Location manager Pat Karam knows you watch to see out how the Royal Family lives—and where: “The Crown, the whole show, is about how these people are as real characters—and to see into their lives, you have to be able to see into the places.” To that end, Karam finds and recreates settings, including the principal royal residence for Queen Elizabeth and Prince Philip.

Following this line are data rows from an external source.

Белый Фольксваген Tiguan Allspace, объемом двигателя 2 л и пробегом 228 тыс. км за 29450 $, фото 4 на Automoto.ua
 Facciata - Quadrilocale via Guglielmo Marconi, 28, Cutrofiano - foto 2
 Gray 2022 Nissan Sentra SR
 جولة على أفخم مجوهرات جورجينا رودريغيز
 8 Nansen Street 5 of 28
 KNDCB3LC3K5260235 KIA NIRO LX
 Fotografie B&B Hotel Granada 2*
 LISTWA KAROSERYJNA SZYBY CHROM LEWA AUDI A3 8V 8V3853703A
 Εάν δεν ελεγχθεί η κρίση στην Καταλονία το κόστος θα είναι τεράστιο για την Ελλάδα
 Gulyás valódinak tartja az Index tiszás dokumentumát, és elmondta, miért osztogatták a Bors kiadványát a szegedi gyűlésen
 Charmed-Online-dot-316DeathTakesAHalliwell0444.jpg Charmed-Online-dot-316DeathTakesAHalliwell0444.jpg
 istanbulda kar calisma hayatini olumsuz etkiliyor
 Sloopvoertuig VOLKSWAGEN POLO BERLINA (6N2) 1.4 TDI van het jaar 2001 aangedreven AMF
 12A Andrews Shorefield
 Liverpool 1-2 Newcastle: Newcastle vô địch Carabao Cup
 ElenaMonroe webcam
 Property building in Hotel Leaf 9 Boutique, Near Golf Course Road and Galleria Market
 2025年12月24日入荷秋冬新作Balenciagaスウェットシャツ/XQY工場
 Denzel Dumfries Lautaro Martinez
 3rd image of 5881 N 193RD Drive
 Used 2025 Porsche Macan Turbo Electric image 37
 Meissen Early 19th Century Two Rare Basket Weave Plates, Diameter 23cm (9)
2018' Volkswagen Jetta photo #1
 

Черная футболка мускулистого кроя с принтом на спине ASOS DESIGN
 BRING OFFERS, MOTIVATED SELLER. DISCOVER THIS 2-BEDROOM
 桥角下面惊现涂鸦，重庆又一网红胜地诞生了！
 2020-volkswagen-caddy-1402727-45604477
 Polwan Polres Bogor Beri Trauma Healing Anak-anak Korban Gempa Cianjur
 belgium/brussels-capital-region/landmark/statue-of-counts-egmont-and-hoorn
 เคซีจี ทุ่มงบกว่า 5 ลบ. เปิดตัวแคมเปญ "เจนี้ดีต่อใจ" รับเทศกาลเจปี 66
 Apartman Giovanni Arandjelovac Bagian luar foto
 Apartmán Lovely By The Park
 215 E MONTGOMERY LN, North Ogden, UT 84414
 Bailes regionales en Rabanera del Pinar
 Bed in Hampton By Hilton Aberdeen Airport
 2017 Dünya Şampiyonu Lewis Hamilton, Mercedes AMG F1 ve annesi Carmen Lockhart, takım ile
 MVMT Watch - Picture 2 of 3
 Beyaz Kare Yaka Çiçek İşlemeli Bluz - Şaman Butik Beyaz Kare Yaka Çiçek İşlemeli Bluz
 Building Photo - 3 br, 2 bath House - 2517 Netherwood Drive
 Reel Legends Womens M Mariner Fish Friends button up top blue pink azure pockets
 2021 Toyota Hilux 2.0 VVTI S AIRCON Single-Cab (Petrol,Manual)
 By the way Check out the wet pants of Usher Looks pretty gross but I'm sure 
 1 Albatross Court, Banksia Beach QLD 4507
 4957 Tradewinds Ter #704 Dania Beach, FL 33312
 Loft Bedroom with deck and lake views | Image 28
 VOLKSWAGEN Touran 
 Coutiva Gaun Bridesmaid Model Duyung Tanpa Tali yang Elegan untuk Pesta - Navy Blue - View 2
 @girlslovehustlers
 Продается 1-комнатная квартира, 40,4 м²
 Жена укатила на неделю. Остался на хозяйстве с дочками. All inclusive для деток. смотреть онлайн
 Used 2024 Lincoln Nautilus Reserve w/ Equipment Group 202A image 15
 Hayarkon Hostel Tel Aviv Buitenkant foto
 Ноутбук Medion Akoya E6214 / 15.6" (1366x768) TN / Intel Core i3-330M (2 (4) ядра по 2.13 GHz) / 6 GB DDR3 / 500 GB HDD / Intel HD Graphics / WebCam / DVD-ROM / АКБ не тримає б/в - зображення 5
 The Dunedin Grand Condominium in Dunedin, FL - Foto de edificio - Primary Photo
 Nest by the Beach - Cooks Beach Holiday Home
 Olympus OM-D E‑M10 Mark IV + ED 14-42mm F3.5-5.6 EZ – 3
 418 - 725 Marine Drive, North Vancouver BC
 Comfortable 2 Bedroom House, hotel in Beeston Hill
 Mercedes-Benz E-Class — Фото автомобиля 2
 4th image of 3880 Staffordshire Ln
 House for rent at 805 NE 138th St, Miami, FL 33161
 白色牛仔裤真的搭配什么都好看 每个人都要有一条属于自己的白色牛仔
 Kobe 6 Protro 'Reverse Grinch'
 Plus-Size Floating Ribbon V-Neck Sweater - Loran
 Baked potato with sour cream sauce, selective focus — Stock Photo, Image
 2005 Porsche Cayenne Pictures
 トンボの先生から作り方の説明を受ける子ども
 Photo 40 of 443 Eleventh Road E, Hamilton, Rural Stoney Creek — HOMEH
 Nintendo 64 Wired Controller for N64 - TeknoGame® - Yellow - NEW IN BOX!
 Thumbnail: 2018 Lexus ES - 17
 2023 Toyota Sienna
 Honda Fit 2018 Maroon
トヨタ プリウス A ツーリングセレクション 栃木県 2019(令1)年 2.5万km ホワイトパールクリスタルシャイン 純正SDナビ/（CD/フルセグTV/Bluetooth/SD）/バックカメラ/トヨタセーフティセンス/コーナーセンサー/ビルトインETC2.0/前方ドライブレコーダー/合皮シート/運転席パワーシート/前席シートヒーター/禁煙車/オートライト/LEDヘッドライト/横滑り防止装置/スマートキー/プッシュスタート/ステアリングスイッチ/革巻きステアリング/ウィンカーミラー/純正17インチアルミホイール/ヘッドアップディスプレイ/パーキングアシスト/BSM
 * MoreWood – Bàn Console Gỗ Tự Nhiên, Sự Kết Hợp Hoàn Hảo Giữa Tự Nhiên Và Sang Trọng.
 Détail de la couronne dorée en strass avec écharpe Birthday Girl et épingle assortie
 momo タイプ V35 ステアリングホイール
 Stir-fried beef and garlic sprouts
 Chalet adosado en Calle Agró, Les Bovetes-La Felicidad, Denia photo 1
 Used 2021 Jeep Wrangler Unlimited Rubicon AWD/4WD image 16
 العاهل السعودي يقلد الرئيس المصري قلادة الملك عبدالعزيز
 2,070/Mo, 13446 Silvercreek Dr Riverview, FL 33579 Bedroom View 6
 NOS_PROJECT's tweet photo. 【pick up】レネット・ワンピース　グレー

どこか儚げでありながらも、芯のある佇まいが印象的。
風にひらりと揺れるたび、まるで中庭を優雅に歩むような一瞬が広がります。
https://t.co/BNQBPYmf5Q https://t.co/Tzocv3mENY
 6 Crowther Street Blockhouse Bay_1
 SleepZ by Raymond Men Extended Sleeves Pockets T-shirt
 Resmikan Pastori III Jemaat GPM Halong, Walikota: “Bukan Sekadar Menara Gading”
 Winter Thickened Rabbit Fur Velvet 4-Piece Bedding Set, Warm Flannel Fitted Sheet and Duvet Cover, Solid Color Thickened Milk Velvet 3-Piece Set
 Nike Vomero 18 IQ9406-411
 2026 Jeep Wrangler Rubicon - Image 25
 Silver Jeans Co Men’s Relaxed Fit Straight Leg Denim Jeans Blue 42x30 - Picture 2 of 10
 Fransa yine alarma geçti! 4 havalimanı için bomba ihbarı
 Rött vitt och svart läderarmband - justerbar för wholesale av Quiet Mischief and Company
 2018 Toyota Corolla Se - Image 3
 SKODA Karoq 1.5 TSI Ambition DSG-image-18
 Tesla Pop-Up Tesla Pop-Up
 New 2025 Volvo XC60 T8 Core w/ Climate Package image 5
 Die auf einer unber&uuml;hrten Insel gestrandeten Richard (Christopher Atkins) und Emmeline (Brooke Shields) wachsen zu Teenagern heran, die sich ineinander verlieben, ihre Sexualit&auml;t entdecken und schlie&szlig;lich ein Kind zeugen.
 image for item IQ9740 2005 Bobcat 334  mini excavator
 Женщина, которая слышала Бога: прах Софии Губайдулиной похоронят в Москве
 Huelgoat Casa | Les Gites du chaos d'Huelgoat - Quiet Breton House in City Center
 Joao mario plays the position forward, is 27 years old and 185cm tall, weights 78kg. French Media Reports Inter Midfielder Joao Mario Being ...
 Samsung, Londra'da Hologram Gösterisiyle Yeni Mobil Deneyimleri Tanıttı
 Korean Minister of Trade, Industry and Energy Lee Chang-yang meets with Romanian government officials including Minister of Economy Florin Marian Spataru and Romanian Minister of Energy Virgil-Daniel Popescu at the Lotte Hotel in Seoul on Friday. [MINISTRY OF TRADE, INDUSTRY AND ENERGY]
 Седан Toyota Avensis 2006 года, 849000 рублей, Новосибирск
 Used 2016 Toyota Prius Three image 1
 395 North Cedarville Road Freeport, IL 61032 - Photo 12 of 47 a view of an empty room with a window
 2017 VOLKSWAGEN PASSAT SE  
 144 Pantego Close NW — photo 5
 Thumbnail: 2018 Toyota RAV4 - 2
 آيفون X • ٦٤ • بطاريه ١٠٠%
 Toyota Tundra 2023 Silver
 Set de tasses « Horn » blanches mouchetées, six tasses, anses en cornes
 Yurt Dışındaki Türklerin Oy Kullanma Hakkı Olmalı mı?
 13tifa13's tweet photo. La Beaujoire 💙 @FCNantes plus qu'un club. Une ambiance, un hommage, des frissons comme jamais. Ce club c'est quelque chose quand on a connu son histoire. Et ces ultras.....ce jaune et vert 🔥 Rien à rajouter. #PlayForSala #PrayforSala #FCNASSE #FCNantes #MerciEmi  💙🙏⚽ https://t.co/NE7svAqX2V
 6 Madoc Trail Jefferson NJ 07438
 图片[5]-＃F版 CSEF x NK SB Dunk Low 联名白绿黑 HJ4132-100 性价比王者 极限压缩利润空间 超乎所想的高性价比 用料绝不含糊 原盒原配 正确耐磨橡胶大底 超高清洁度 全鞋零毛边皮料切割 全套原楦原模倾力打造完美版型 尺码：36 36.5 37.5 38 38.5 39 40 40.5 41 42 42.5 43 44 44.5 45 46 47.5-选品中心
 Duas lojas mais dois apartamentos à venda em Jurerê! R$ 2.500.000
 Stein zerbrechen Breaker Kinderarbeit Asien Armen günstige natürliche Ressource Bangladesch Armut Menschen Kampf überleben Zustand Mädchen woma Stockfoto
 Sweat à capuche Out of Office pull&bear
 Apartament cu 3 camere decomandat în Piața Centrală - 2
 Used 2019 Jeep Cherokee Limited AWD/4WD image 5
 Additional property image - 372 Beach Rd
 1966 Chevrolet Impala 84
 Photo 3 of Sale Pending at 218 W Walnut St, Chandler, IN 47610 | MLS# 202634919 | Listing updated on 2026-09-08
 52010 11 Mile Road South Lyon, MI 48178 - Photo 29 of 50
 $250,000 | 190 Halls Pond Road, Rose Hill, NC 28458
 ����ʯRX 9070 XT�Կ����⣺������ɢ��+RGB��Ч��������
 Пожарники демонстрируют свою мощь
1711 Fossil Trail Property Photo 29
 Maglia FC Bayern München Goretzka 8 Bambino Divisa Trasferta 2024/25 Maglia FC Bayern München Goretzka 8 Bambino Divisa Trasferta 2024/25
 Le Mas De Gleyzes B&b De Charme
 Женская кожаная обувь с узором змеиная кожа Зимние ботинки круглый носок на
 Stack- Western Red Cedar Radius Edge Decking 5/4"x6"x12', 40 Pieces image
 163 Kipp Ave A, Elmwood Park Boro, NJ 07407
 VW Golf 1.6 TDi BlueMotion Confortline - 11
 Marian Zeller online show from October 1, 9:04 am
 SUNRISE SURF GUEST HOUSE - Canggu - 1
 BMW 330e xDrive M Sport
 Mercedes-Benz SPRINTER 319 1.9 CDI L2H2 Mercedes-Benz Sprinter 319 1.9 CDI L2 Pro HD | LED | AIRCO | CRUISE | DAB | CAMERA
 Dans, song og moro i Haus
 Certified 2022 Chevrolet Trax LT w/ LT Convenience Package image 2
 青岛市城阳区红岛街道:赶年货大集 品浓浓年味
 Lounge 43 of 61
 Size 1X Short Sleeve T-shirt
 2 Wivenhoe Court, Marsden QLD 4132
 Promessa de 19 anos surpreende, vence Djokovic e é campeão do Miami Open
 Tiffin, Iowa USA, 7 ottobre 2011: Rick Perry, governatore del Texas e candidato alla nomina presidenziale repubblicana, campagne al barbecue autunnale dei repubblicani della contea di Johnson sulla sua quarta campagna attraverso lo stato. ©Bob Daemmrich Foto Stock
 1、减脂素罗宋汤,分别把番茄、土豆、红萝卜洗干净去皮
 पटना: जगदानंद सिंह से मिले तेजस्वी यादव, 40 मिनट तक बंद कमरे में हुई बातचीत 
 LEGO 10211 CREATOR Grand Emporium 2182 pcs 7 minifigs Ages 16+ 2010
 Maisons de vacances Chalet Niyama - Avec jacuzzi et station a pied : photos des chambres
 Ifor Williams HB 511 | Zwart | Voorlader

“For a whole range of reasons, obviously, you can't shoot at Buckingham Palace,” admits Karam, “so our Buckingham is, essentially, a composite of three locations. First, there's Lancaster House, a very grand building that we use for our big state rooms.” So grand, in fact, that even Queen Victoria was impressed. Karam adds: “She famously went to visit Lancaster once and remarked to the owner that it was more palatial than her own palace.”

COURTESY LANCASTER HOUSE

“Next, there's Wilton House in Wiltshire,” says Karam. “It has a very famous room called the Double Cube Room, which is the one we film in, mostly. As the name suggests, it's a perfect double cube. It brings things down just slightly—makes the scenes just a little more intimate.”

COURTESY WILTON HOUSE

The third Buckingham stand-in is Wrotham Park, a country house in Hertfordshire. “We tend to use one specific room there, which we use as our audience room—where the Queen has her weekly audience with the Prime Minister,” says Karam. “In season one, when Churchill comes to see her, where she's not quite sure how it all works—that's where she builds up that relationship with him.”

COURTESY WROTHAM PARK

“This season, we see Princess Margaret at restaurants, at art galleries, on the street. A fashionable, young, attractive woman about town, she was more keen to get out and about,” says Karam.
For a period drama, public locations are often harder to take back half a century than some of the homes. “Much harder!” Karam insists. “The big houses, once you've found them, it's relatively straight-forward. Taking a London street in 2017 and turning it into a London street in 1961? It's painstaking. You start by saying, ‘We'll have to take this out, that out, change this, change that,’ and it just goes on and on.”

ALEX BAILEY/NETFLIX

To film scenes at Balmoral Castle, the official Royal residence in Scotland, The Crown uses Ardverikie House in the Scottish Highlands, an estate on 44,000 acres with a herd of 1,500 wild red deer. “[The characters] do a lot of hunts, shooting and fishing there. It's a very important part of the real life of the family, and it gives us the opportunity to show them slightly more relaxed. They're on holiday.” says Karam. “We tend to do all the Scottish scenes at Ardverikie. We can do everything there.”
Estate manager Phil Lloyd agrees: “We've got lochs, ills, forests, streams, beaches, historic buildings. If you were here filming, you could get pretty much any part of Scotland that you wanted in one location.”

COURTESY ARDVERIKIE HOUSE

“There are a lot of people arriving and departing on the show,” says Karam. “We used a really beautiful 1930s art deco air terminal in a place called Shoreham in southern England. It's quite near Brighton. We turned that into what would have been a 1950s and 60s version of London airport, which I don't think was called Heathrow quite then.”

Stuart Hendry / Netflix

Karan adds: “We see the Queen and Prince Philip departing and arriving quite a lot. It’s just a really good visual subtext for The Crown, the way they're always coming and going. It's an airfield, but quite a small one. We dressed the outside of the building. We have these very beautiful period aircraft and some fantastic scenes take place there.”

The second season of The Crown premieres December 8.